Yates' team performs rapid and large-scale proteomics analysis using multidimensional protein identification technology (MudPIT), which involves multidimensional liquid chromatography, tandem mass spectrometry, and database searching using the SEQUEST algorithm -- a sequencing program Yates' team devised for MS analysis that searches a sequence database by mass.
"We use this one general approach for proteomics," says Yates. "It is called shotgun proteomics, and the method minimises fractionation of proteins by analysing the proteins as a proteolytically digested mixture."
His team has applied MudPIT to the proteome of a strain of the yeast Saccharomyces cerevisiae, and has reportedly yielded the largest proteome analysis to date: the detection and identification of 1484 proteins, including low abundance proteins such as transcription factors and protein kinases, which are rarely seen in proteome analysis.
They also identified 131 proteins with three or more predicted transmembrane domains, enabling the soluble domains these integral membrane proteins to be mapped.
Post-translational modification of peptides and proteins is another area that Yates' team is exploring. "There are a couple of ways people do these types of analyses," says Yates. "We use a method that tries to achieve a high level of sequence coverage to ensure we collect a tandem mass spectrum for modified peptides if present. By this method, different modifications can be detected. Once a tandem mass spectrum is collected it's all data analysis."
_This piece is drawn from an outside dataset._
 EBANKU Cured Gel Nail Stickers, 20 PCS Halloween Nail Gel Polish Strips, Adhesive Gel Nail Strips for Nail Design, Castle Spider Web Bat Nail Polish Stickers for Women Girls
Yates says the software or algorithms that his team uses to interpret their proteomics data are very accurate, as long as the data is good quality -- as data quality decreases the accuracy of an algorithm can also decrease. He says it is often advantageous to use several different algorithms, since different algorithms can have different sensitivities and selectivities.
"Since we use tandem mass spectra, we use algorithms that search databases using tandem mass spectra," says Yates. "They are unaffected by [post-translational] modifications, but you do have to specify the modification to most of the search algorithms. Algorithms are appearing that can identify peptides with unanticipated modifications."
Yates sees the future as bright for proteomics research, as technology continues to improve and provide benefits. "The hot item right now is the Fourier transform mass spectrometer," says Yates. "The benefit for peptide analysis is very high mass accuracy."
And he sees a place for this technology for a while to come, pointing out that protein chips are only as good as the available knowledge about proteins. "There will be protein chips, eventually, but creating affinity-based protein chips has some serious technical challenges to overcome," says Yates. "I don't think protein chips will completely replace the protein profiling since protein chips can only detect what you know or can predict."